→ REQUIREMENT
A faithful copy of the data is what is wanted, minus any pictures.

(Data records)
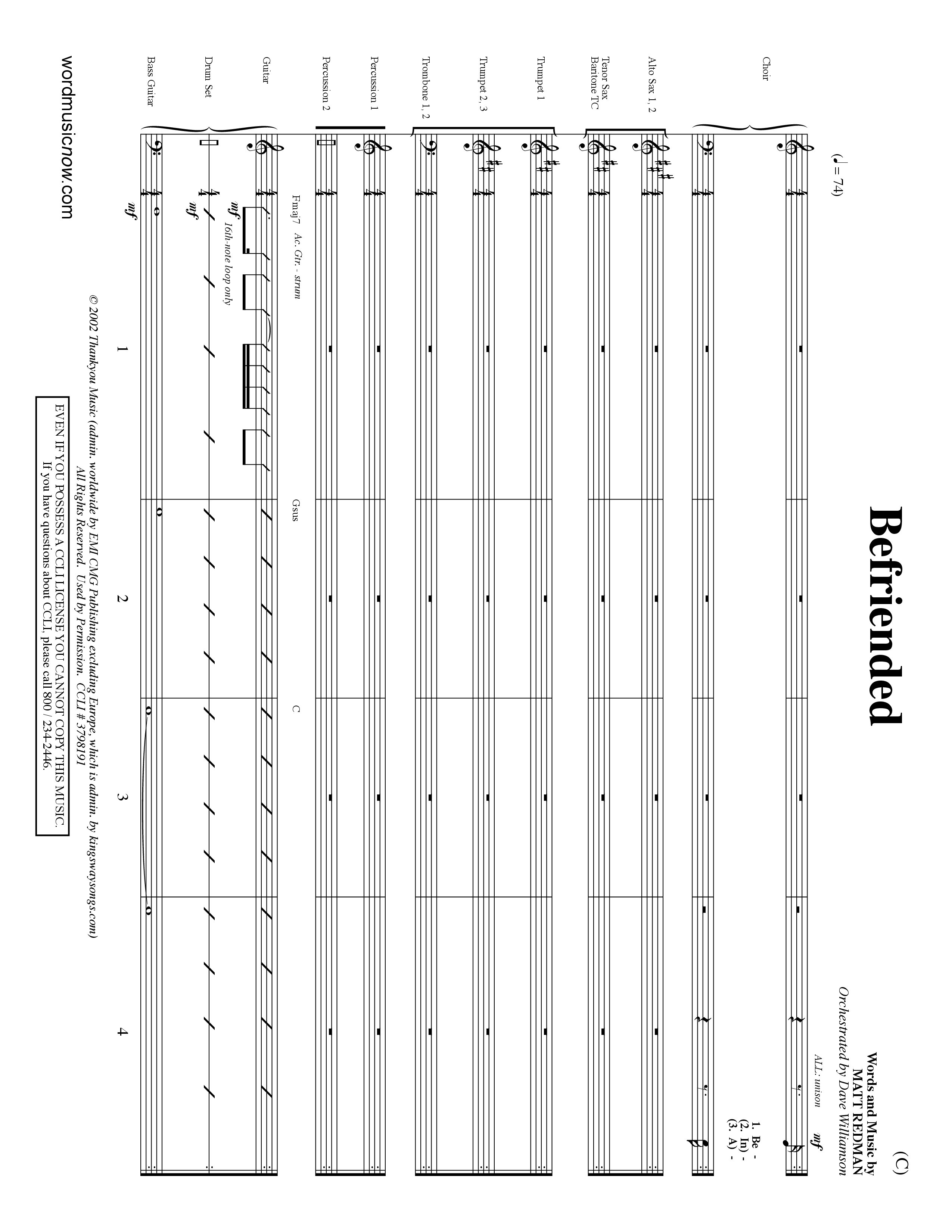 Befriended (Choral Anthem SATB) PraiseBand (incl. Brass) (Word Music Choral / Orch. Dave Williamson)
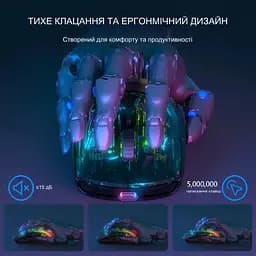 Комп'ютерна миша Attack SHARK X2 бездротова ігрова безшумна із зарядною базою 2,4G+Bluetooth Black - мініатюра 7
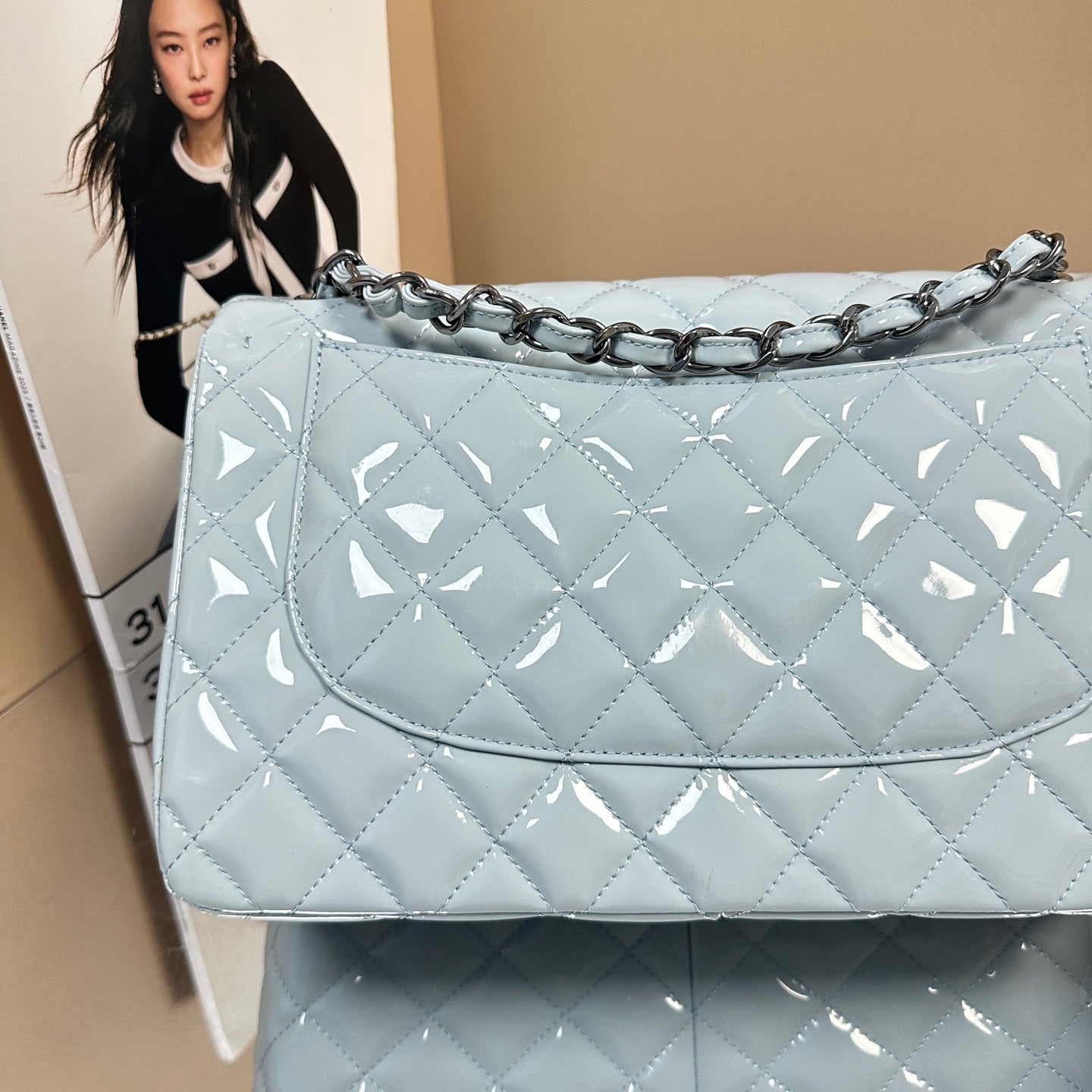 Chanel - Classic Flap Jumbo - Patent leather - Blue - (large)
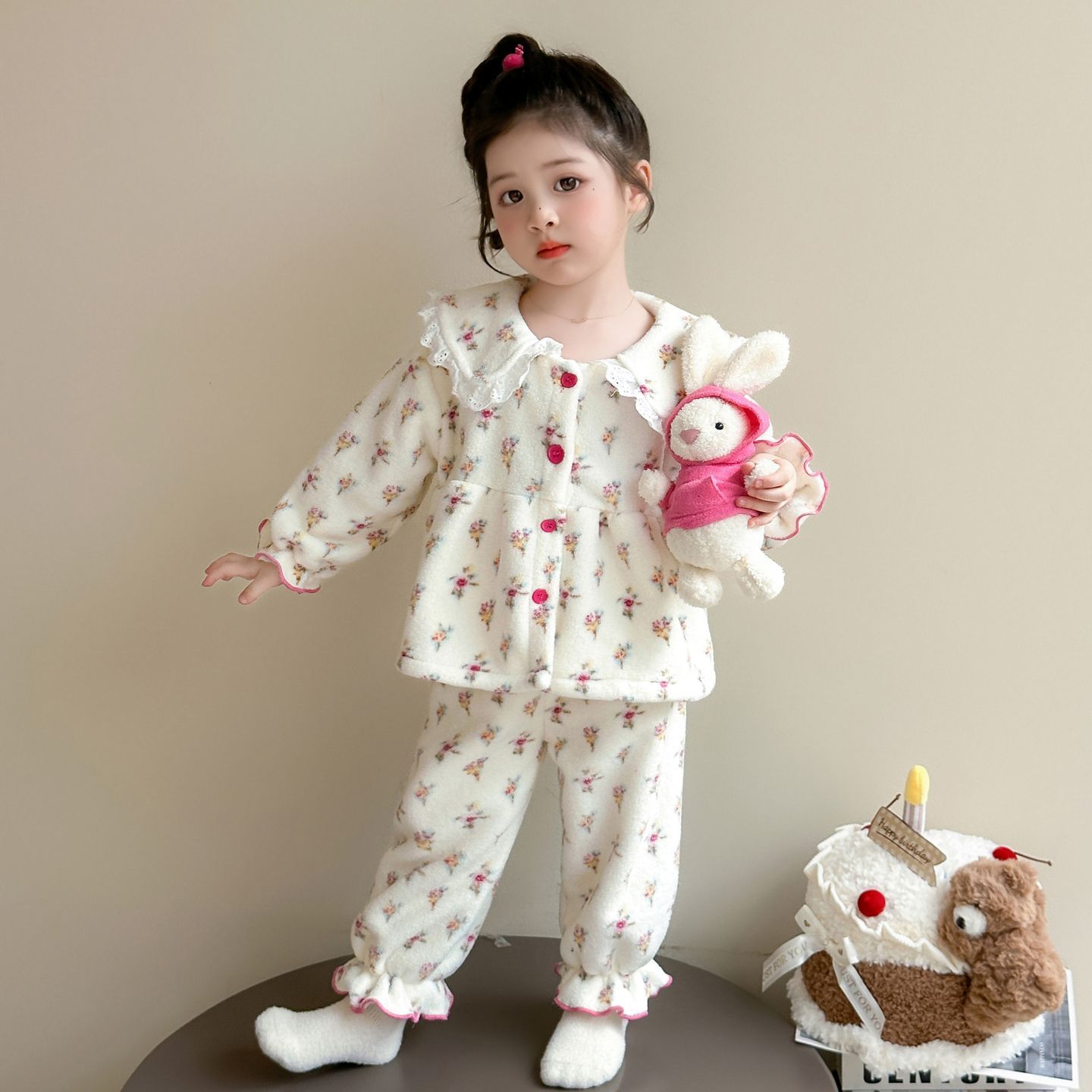女童睡衣秋冬季法兰绒开衫套装女宝宝冬款公主风儿童珊瑚绒家居服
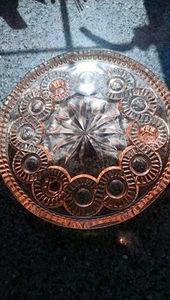 Pink Cake Plate 3-Footed Depression Glass - 9" Diameter - Picture 1 of 4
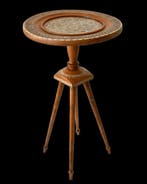 Bijzettafel - Mediterrane houten mozaïek theetafel - Hout,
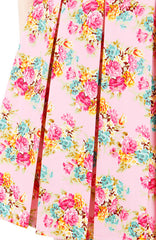 Festive Floral Bouquets Flare Dress - Pink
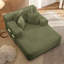 Luxueuse chaise longue en velours côtelé moelleux avec 3 coussins, canapé-lit convertible avec pochette de rangement, conception sans cadre et mousse à compression pour les petits espaces, salon, appartement, vert-125536674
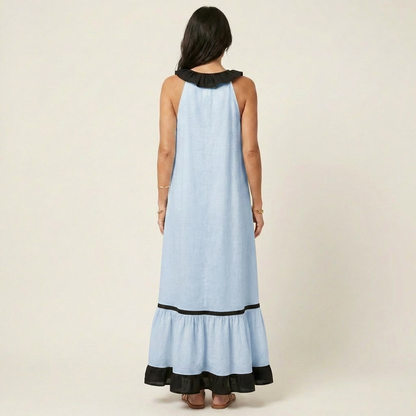 Women's Ruffle Trim Maxi Dress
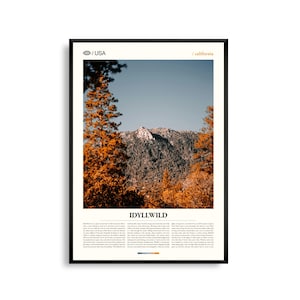 Impresión de Idyllwild California, arte mural de Idyllwild, póster de Idyllwild, fotografía de Idyllwild, monte San Jacinto, centro natural de Idyllwild, Deer Springs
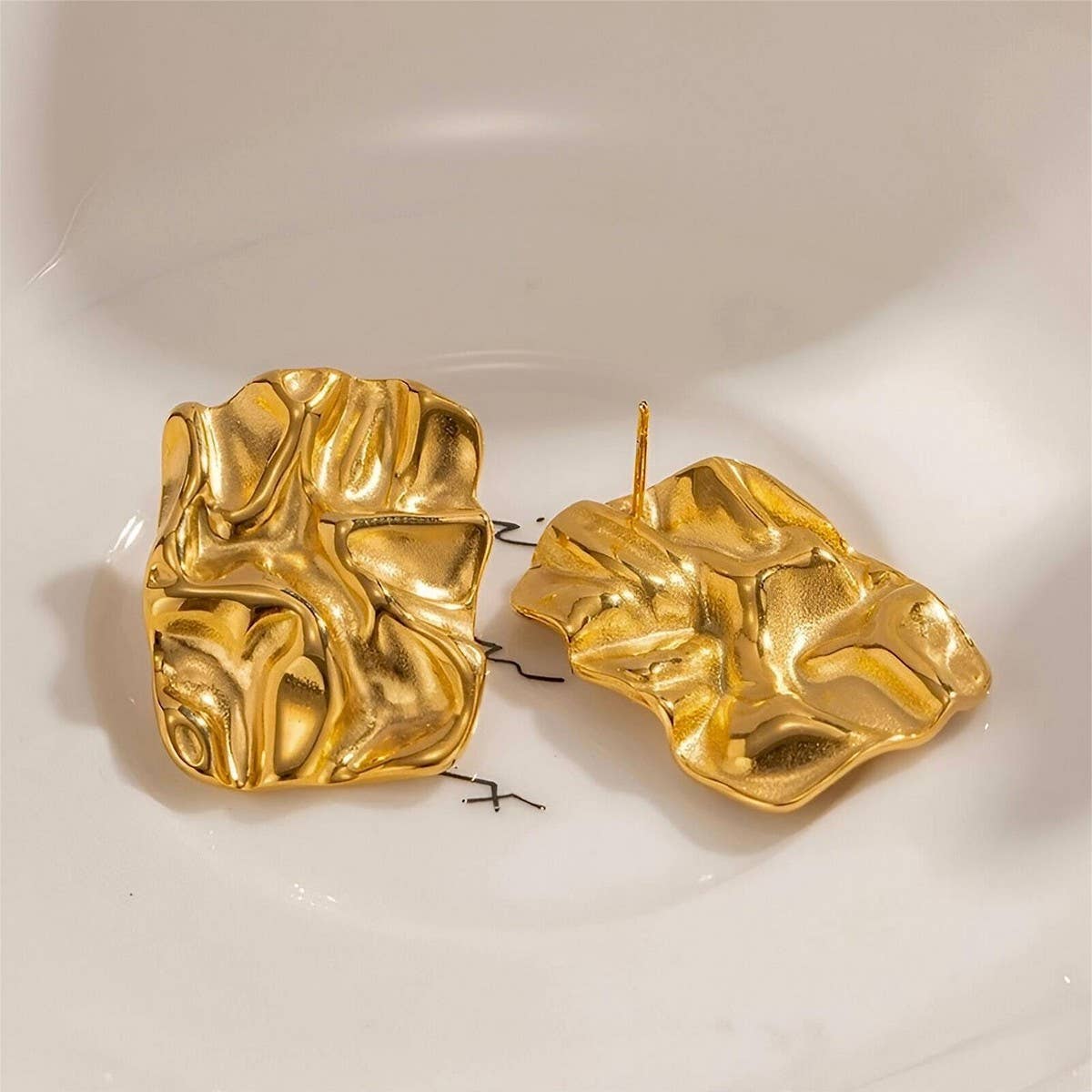 Irregular High-Grade Square Pleated Earrings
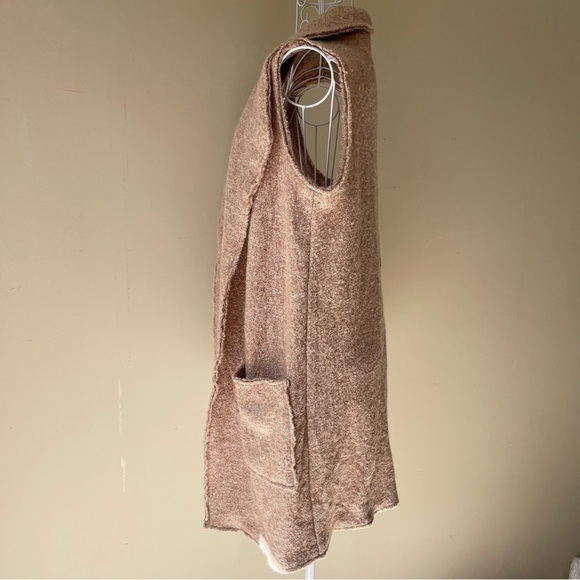 Tahari Long Open front Wool Blend Vest Cardigan Beige/Tan Size S - Picture 2 of 7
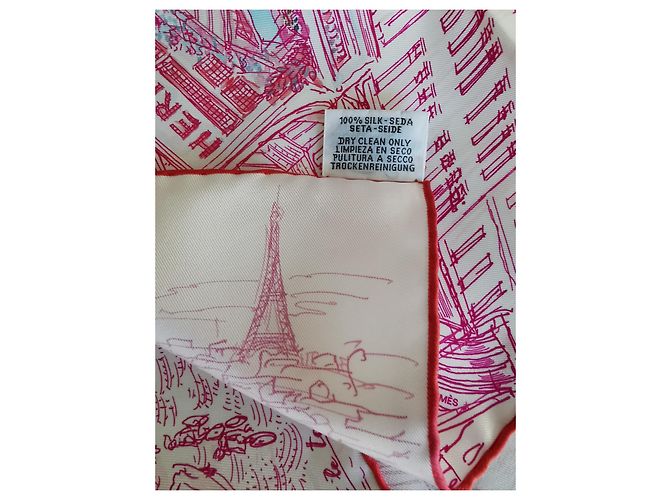 Hermès Carré Gavroche "Un Jardin sur le Toit" di Pierre Dumas Rosa Bianco sporco - vista 6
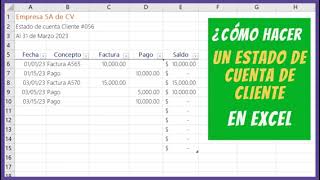 Estado de cuenta para cliente en Excel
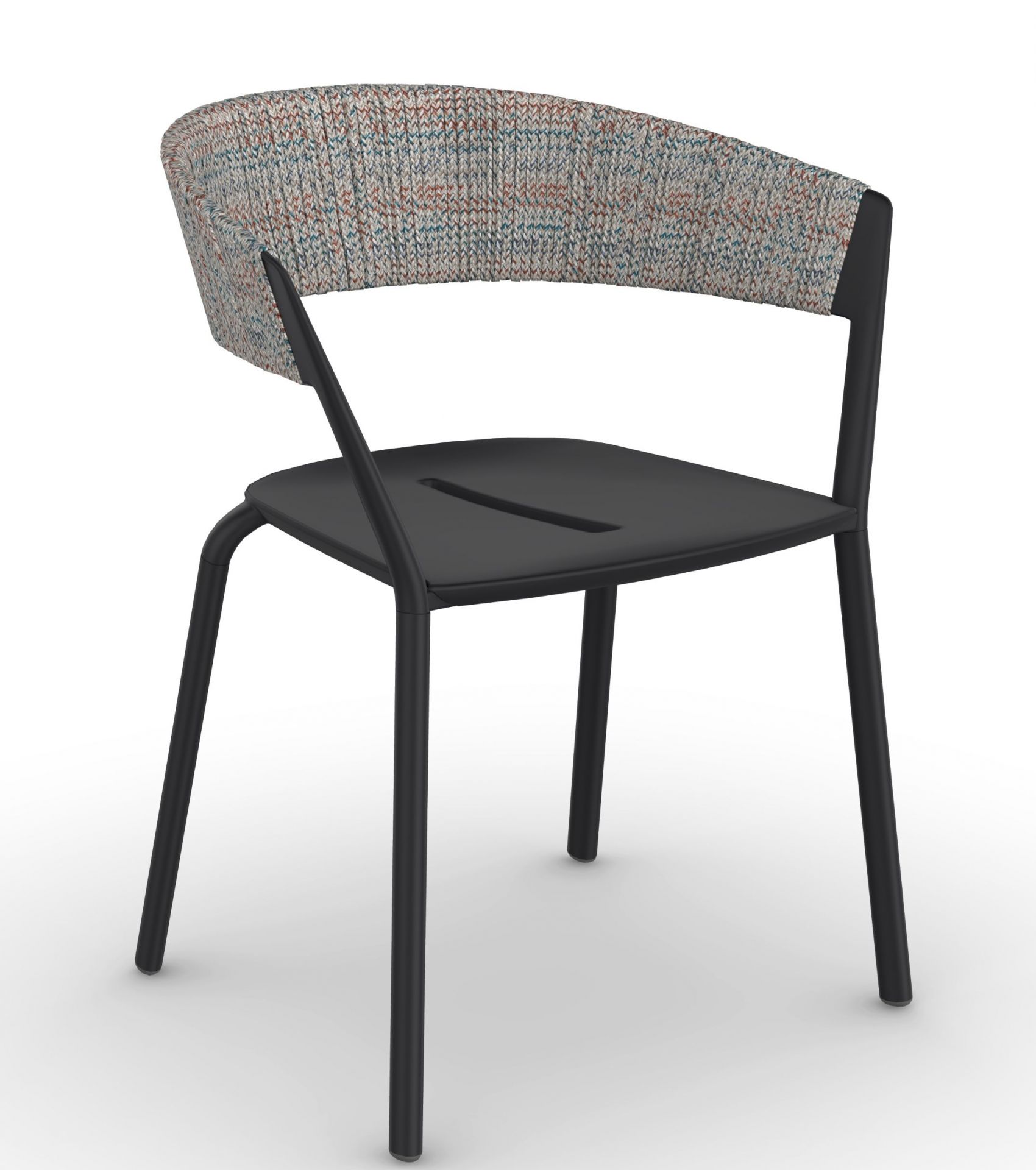 Schwarzer Ria Stuhl mit Armlehnen und gemustertem Stoffbezug. Moderner Designstuhl für Esszimmer und Wohnbereich.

→ OUTPUT OF THE TASK
 Befriended (Choral Anthem SATB) PraiseBand (incl. Brass) (Word Music Choral / Orch. Dave Williamson)
 Комп'ютерна миша Attack SHARK X2 бездротова ігрова безшумна із зарядною базою 2,4G+Bluetooth Black - мініатюра 7
 Chanel - Classic Flap Jumbo - Patent leather - Blue - (large)
女童睡衣秋冬季法兰绒开衫套装女宝宝冬款公主风儿童珊瑚绒家居服
 Pink Cake Plate 3-Footed Depression Glass - 9" Diameter - Picture 1 of 4
 Bijzettafel - Mediterrane houten mozaïek theetafel - Hout,
 Festive Floral Bouquets Flare Dress - Pink
 Luxueuse chaise longue en velours côtelé moelleux avec 3 coussins, canapé-lit convertible avec pochette de rangement, conception sans cadre et mousse à compression pour les petits espaces, salon, appartement, vert-125536674
 Women's Ruffle Trim Maxi Dress
 Impresión de Idyllwild California, arte mural de Idyllwild, póster de Idyllwild, fotografía de Idyllwild, monte San Jacinto, centro natural de Idyllwild, Deer Springs
 Irregular High-Grade Square Pleated Earrings
 Tahari Long Open front Wool Blend Vest Cardigan Beige/Tan Size S - Picture 2 of 7
 Hermès Carré Gavroche "Un Jardin sur le Toit" di Pierre Dumas Rosa Bianco sporco - vista 6
 Estado de cuenta para cliente en Excel
 Schwarzer Ria Stuhl mit Armlehnen und gemustertem Stoffbezug. Moderner Designstuhl für Esszimmer und Wohnbereich.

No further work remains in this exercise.